Facts: 1) The engine storage (/rhev/data-center/mmt/...) was umounted during this process. 2) Another mount of the same volume (I mounted it before the setup) was still mounted after the VDSM crash, so maybe the problem is not related with gluster. 3) After reconnecting storage with "hosted-engine --connect-storage", the volume is mounted again. Now, when trying to restart VDSM, we get an "invalid lockspace": Thread-46::ERROR::2015-03-26 19:24:31,843::vm::1237::vm.Vm::(_startUnderlyingVm) vmId=`191045ac-79e4-4ce8-aad7-52cc9af313c5`::The vm start process failed Traceback (most recent call last): File "/usr/share/vdsm/virt/vm.py", line 1185, in _startUnderlyingVm self._run() File "/usr/share/vdsm/virt/vm.py", line 2253, in _run self._connection.createXML(domxml, flags), File "/usr/lib/python2.7/site-packages/vdsm/libvirtconnection.py", line 126, in wrapper ret = f(*args, **kwargs) File "/usr/lib64/python2.7/site-packages/libvirt.py", line 3427, in createXML if ret is None:raise libvirtError('virDomainCreateXML() failed', conn=self) libvirtError: Failed to acquire lock: No space left on device Thread-46::INFO::2015-03-26 19:24:31,844::vm::1709::vm.Vm::(setDownStatus) vmId=`191045ac-79e4-4ce8-aad7-52cc9af313c5`::Changed state to Down: Failed to acquire lock: No space left on device (code=1) Thread-46::DEBUG::2015-03-26 19:24:31,844::vmchannels::214::vds::(unregister) Delete fileno 60 from listener. VM Channels Listener::DEBUG::2015-03-26 19:24:32,346::vmchannels::121::vds::(_do_del_channels) fileno 60 was removed from listener. In sanlock.log we have: 2015-03-26 19:24:30+0000 7589 [752]: cmd 9 target pid 9559 not found 2015-03-26 19:24:31+0000 7589 [764]: r7 cmd_acquire 2,8,9559 invalid lockspace found -1 failed 935819904 name 7ba46e75-51af-4648-becc-5a469cb8e9c2 (All 3 lease files are present)

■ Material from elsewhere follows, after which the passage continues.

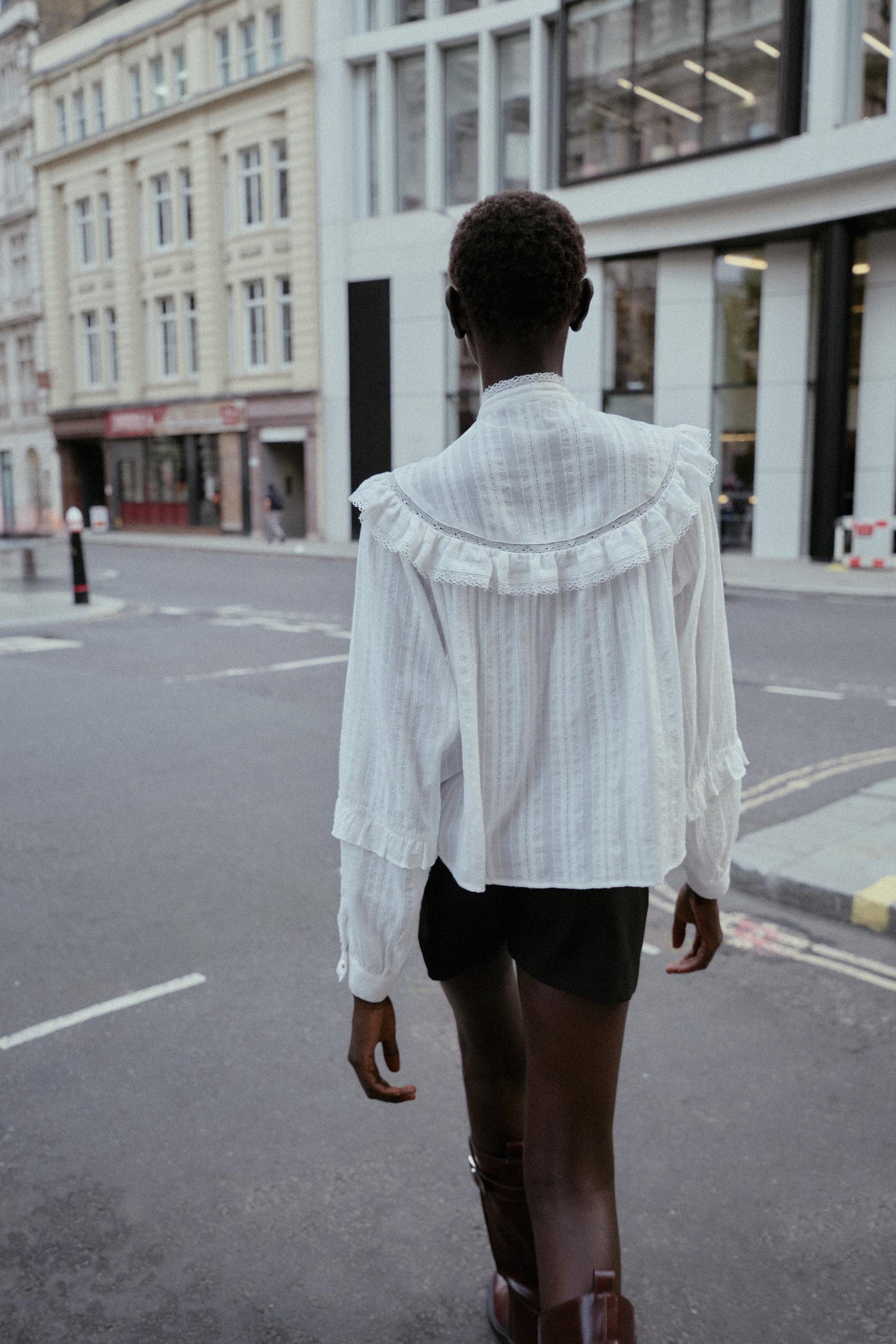 Bluse mit Spitzenbesatz und Rüschen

About the hosted-engine VM not being resumed after restarting VDSM, I confirmed that QEMU is not reopening the file descriptors when resuming a paused VM. See also: - https://bugzilla.redhat.com/show_bug.cgi?id=1172905 - https://bugzilla.redhat.com/show_bug.cgi?id=1058300
I found out that the gluster engine storage disappears when VDSM is restarted during the activation process, because it is a child-process of the vdsmd.service: CGroup: /system.slice/vdsmd.service ├─14895 /usr/bin/python /usr/share/vdsm/vdsm ├─14964 /usr/libexec/ioprocess --read-pipe-fd 43 --write-pipe-fd 42 --max-threads 10 --ma ├─15836 /usr/libexec/ioprocess --read-pipe-fd 49 --write-pipe-fd 48 --max-threads 10 --ma ├─15911 /usr/sbin/glusterfs --volfile-server=h2.imatronix.com --volfile-id=engine /rhev/d └─15922 /usr/libexec/ioprocess --read-pipe-fd 61 --write-pipe-fd 60 --max-threads 10 --ma A workarround is to mount the engine-storage manually, so when vdsmd is restarted on the host, it doesn't kill the storage and the engine VM.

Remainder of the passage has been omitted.